### [EXERCISE DIRECTIONS]
Everything in the listing must be transcribed exactly, from the first line to the last.

### [DATASET SECTION]
****************

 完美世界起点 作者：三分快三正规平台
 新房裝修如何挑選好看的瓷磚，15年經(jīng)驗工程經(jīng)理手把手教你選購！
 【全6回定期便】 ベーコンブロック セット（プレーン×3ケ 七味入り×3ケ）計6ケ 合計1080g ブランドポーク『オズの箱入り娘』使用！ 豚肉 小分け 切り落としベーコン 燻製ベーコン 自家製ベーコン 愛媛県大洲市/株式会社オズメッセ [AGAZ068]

****************

### [RESPONSE BOX]
 完美世界起点 作者：三分快三正规平台
 新房裝修如何挑選好看的瓷磚，15年經(jīng)驗工程經(jīng)理手把手教你選購！
 【全6回定期便】 ベーコンブロック セット（プレーン×3ケ 七味入り×3ケ）計6ケ 合計1080g ブランドポーク『オズの箱入り娘』使用！ 豚肉 小分け 切り落としベーコン 燻製ベーコン 自家製ベーコン 愛媛県大洲市/株式会社オズメッセ [AGAZ068]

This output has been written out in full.